%%
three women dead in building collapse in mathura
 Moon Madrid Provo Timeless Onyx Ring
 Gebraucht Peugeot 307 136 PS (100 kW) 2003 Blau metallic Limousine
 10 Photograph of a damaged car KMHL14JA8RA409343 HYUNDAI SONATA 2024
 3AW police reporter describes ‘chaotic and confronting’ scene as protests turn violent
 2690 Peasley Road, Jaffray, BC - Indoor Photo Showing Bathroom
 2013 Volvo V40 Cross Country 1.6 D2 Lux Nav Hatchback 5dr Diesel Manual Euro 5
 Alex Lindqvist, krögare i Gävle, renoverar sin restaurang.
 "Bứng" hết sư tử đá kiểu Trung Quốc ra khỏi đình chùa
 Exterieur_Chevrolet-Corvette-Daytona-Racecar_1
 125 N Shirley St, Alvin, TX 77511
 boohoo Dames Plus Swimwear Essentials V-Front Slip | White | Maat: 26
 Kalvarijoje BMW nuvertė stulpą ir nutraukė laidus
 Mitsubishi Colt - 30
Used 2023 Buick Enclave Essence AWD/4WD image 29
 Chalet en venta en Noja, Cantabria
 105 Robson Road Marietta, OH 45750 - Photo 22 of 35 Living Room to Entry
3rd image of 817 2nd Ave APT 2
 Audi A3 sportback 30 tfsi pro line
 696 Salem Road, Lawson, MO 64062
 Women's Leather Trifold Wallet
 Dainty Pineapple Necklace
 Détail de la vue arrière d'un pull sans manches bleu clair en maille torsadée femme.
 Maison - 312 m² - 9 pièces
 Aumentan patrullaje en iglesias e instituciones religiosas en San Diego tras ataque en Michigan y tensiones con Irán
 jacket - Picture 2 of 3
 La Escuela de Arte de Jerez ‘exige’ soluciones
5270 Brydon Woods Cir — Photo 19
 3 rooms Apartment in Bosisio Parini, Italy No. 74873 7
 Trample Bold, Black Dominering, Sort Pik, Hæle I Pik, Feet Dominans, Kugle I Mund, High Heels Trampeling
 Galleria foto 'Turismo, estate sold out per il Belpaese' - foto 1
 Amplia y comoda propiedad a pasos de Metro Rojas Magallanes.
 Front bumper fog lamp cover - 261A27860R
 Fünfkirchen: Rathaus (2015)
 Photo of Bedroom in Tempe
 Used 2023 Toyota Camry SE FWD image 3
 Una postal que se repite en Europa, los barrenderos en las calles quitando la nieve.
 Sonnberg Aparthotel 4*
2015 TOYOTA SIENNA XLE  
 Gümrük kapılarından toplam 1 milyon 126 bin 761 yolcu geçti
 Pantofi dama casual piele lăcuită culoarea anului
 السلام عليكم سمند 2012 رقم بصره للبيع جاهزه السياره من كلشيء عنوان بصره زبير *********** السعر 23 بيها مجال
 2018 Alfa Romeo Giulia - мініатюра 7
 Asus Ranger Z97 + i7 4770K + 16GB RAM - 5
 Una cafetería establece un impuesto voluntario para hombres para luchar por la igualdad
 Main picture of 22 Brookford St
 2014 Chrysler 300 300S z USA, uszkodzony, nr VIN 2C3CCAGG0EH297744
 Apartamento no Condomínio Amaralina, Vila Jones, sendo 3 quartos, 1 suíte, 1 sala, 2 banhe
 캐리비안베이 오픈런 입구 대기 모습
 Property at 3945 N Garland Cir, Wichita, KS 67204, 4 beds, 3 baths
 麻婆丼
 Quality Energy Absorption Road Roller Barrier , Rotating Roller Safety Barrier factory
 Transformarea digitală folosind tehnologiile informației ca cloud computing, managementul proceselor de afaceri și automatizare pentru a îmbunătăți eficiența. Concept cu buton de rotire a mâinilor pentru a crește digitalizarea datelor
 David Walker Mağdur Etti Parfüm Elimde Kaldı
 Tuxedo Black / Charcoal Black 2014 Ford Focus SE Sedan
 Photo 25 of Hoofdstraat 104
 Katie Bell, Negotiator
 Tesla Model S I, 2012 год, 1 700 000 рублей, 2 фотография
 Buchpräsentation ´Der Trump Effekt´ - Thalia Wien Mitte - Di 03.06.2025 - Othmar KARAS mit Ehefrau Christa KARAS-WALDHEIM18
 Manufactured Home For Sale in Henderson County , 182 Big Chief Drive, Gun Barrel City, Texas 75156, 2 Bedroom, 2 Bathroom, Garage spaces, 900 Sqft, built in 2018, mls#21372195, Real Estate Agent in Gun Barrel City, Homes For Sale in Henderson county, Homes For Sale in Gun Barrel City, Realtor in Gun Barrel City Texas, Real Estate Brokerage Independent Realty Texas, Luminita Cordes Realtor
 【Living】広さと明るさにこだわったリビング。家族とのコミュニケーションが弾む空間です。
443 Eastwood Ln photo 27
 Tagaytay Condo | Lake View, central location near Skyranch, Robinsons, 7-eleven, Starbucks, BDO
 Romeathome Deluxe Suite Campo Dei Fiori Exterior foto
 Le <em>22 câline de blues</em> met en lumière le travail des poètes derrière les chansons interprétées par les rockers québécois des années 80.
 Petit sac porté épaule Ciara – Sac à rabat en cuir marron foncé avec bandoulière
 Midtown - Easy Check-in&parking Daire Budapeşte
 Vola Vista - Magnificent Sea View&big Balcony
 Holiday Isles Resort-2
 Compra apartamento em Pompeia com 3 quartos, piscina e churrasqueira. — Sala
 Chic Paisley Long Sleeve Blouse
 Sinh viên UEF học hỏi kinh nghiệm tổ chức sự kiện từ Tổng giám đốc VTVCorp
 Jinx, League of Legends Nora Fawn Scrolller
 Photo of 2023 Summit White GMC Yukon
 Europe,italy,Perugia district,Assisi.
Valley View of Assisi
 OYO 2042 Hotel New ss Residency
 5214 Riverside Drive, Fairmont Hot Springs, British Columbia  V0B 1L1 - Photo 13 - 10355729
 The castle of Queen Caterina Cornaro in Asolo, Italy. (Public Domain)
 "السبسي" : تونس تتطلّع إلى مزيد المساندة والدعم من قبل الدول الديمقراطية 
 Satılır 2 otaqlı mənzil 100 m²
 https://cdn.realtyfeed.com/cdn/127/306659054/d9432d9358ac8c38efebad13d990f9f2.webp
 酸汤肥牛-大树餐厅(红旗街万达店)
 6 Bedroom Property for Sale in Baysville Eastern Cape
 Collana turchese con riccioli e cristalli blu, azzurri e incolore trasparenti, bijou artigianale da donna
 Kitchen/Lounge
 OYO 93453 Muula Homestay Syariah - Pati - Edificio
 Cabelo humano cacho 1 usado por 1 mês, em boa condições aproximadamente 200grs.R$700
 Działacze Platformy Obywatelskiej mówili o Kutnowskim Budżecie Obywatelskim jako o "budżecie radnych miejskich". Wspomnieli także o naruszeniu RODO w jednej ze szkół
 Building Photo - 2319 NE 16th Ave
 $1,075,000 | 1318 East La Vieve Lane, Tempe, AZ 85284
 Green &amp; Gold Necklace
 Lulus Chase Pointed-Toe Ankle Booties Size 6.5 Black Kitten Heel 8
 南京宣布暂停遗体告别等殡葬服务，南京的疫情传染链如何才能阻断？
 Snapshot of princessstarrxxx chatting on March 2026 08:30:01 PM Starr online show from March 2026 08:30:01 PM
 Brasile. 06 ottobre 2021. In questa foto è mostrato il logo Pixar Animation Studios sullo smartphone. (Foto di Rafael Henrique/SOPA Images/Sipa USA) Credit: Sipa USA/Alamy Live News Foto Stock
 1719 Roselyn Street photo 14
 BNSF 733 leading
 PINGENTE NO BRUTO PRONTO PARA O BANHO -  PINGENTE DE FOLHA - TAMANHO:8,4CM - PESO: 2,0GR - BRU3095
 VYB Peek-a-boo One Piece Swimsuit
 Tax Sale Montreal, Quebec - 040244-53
%%
* [What to do]: Reproduce the entries above in full by retyping them exactly.

* [Answer space]:
three women dead in building collapse in mathura
 Moon Madrid Provo Timeless Onyx Ring
 Gebraucht Peugeot 307 136 PS (100 kW) 2003 Blau metallic Limousine
 10 Photograph of a damaged car KMHL14JA8RA409343 HYUNDAI SONATA 2024
 3AW police reporter describes ‘chaotic and confronting’ scene as protests turn violent
 2690 Peasley Road, Jaffray, BC - Indoor Photo Showing Bathroom
 2013 Volvo V40 Cross Country 1.6 D2 Lux Nav Hatchback 5dr Diesel Manual Euro 5
 Alex Lindqvist, krögare i Gävle, renoverar sin restaurang.
 "Bứng" hết sư tử đá kiểu Trung Quốc ra khỏi đình chùa
 Exterieur_Chevrolet-Corvette-Daytona-Racecar_1
 125 N Shirley St, Alvin, TX 77511
 boohoo Dames Plus Swimwear Essentials V-Front Slip | White | Maat: 26
 Kalvarijoje BMW nuvertė stulpą ir nutraukė laidus
 Mitsubishi Colt - 30
Used 2023 Buick Enclave Essence AWD/4WD image 29
 Chalet en venta en Noja, Cantabria
 105 Robson Road Marietta, OH 45750 - Photo 22 of 35 Living Room to Entry
3rd image of 817 2nd Ave APT 2
 Audi A3 sportback 30 tfsi pro line
 696 Salem Road, Lawson, MO 64062
 Women's Leather Trifold Wallet
 Dainty Pineapple Necklace
 Détail de la vue arrière d'un pull sans manches bleu clair en maille torsadée femme.
 Maison - 312 m² - 9 pièces
 Aumentan patrullaje en iglesias e instituciones religiosas en San Diego tras ataque en Michigan y tensiones con Irán
 jacket - Picture 2 of 3
 La Escuela de Arte de Jerez ‘exige’ soluciones
5270 Brydon Woods Cir — Photo 19
 3 rooms Apartment in Bosisio Parini, Italy No. 74873 7
 Trample Bold, Black Dominering, Sort Pik, Hæle I Pik, Feet Dominans, Kugle I Mund, High Heels Trampeling
 Galleria foto 'Turismo, estate sold out per il Belpaese' - foto 1
 Amplia y comoda propiedad a pasos de Metro Rojas Magallanes.
 Front bumper fog lamp cover - 261A27860R
 Fünfkirchen: Rathaus (2015)
 Photo of Bedroom in Tempe
 Used 2023 Toyota Camry SE FWD image 3
 Una postal que se repite en Europa, los barrenderos en las calles quitando la nieve.
 Sonnberg Aparthotel 4*
2015 TOYOTA SIENNA XLE  
 Gümrük kapılarından toplam 1 milyon 126 bin 761 yolcu geçti
 Pantofi dama casual piele lăcuită culoarea anului
 السلام عليكم سمند 2012 رقم بصره للبيع جاهزه السياره من كلشيء عنوان بصره زبير *********** السعر 23 بيها مجال
 2018 Alfa Romeo Giulia - мініатюра 7
 Asus Ranger Z97 + i7 4770K + 16GB RAM - 5
 Una cafetería establece un impuesto voluntario para hombres para luchar por la igualdad
 Main picture of 22 Brookford St
 2014 Chrysler 300 300S z USA, uszkodzony, nr VIN 2C3CCAGG0EH297744
 Apartamento no Condomínio Amaralina, Vila Jones, sendo 3 quartos, 1 suíte, 1 sala, 2 banhe
 캐리비안베이 오픈런 입구 대기 모습
 Property at 3945 N Garland Cir, Wichita, KS 67204, 4 beds, 3 baths
 麻婆丼
 Quality Energy Absorption Road Roller Barrier , Rotating Roller Safety Barrier factory
 Transformarea digitală folosind tehnologiile informației ca cloud computing, managementul proceselor de afaceri și automatizare pentru a îmbunătăți eficiența. Concept cu buton de rotire a mâinilor pentru a crește digitalizarea datelor
 David Walker Mağdur Etti Parfüm Elimde Kaldı
 Tuxedo Black / Charcoal Black 2014 Ford Focus SE Sedan
 Photo 25 of Hoofdstraat 104
 Katie Bell, Negotiator
 Tesla Model S I, 2012 год, 1 700 000 рублей, 2 фотография
 Buchpräsentation ´Der Trump Effekt´ - Thalia Wien Mitte - Di 03.06.2025 - Othmar KARAS mit Ehefrau Christa KARAS-WALDHEIM18
 Manufactured Home For Sale in Henderson County , 182 Big Chief Drive, Gun Barrel City, Texas 75156, 2 Bedroom, 2 Bathroom, Garage spaces, 900 Sqft, built in 2018, mls#21372195, Real Estate Agent in Gun Barrel City, Homes For Sale in Henderson county, Homes For Sale in Gun Barrel City, Realtor in Gun Barrel City Texas, Real Estate Brokerage Independent Realty Texas, Luminita Cordes Realtor
 【Living】広さと明るさにこだわったリビング。家族とのコミュニケーションが弾む空間です。
443 Eastwood Ln photo 27
 Tagaytay Condo | Lake View, central location near Skyranch, Robinsons, 7-eleven, Starbucks, BDO
 Romeathome Deluxe Suite Campo Dei Fiori Exterior foto
 Le <em>22 câline de blues</em> met en lumière le travail des poètes derrière les chansons interprétées par les rockers québécois des années 80.
 Petit sac porté épaule Ciara – Sac à rabat en cuir marron foncé avec bandoulière
 Midtown - Easy Check-in&parking Daire Budapeşte
 Vola Vista - Magnificent Sea View&big Balcony
 Holiday Isles Resort-2
 Compra apartamento em Pompeia com 3 quartos, piscina e churrasqueira. — Sala
 Chic Paisley Long Sleeve Blouse
 Sinh viên UEF học hỏi kinh nghiệm tổ chức sự kiện từ Tổng giám đốc VTVCorp
 Jinx, League of Legends Nora Fawn Scrolller
 Photo of 2023 Summit White GMC Yukon
 Europe,italy,Perugia district,Assisi.
Valley View of Assisi
 OYO 2042 Hotel New ss Residency
 5214 Riverside Drive, Fairmont Hot Springs, British Columbia  V0B 1L1 - Photo 13 - 10355729
 The castle of Queen Caterina Cornaro in Asolo, Italy. (Public Domain)
 "السبسي" : تونس تتطلّع إلى مزيد المساندة والدعم من قبل الدول الديمقراطية 
 Satılır 2 otaqlı mənzil 100 m²
 https://cdn.realtyfeed.com/cdn/127/306659054/d9432d9358ac8c38efebad13d990f9f2.webp
 酸汤肥牛-大树餐厅(红旗街万达店)
 6 Bedroom Property for Sale in Baysville Eastern Cape
 Collana turchese con riccioli e cristalli blu, azzurri e incolore trasparenti, bijou artigianale da donna
 Kitchen/Lounge
 OYO 93453 Muula Homestay Syariah - Pati - Edificio
 Cabelo humano cacho 1 usado por 1 mês, em boa condições aproximadamente 200grs.R$700
 Działacze Platformy Obywatelskiej mówili o Kutnowskim Budżecie Obywatelskim jako o "budżecie radnych miejskich". Wspomnieli także o naruszeniu RODO w jednej ze szkół
 Building Photo - 2319 NE 16th Ave
 $1,075,000 | 1318 East La Vieve Lane, Tempe, AZ 85284
 Green &amp; Gold Necklace
 Lulus Chase Pointed-Toe Ankle Booties Size 6.5 Black Kitten Heel 8
 南京宣布暂停遗体告别等殡葬服务，南京的疫情传染链如何才能阻断？
 Snapshot of princessstarrxxx chatting on March 2026 08:30:01 PM Starr online show from March 2026 08:30:01 PM
 Brasile. 06 ottobre 2021. In questa foto è mostrato il logo Pixar Animation Studios sullo smartphone. (Foto di Rafael Henrique/SOPA Images/Sipa USA) Credit: Sipa USA/Alamy Live News Foto Stock
 1719 Roselyn Street photo 14
 BNSF 733 leading
 PINGENTE NO BRUTO PRONTO PARA O BANHO -  PINGENTE DE FOLHA - TAMANHO:8,4CM - PESO: 2,0GR - BRU3095
 VYB Peek-a-boo One Piece Swimsuit
 Tax Sale Montreal, Quebec - 040244-53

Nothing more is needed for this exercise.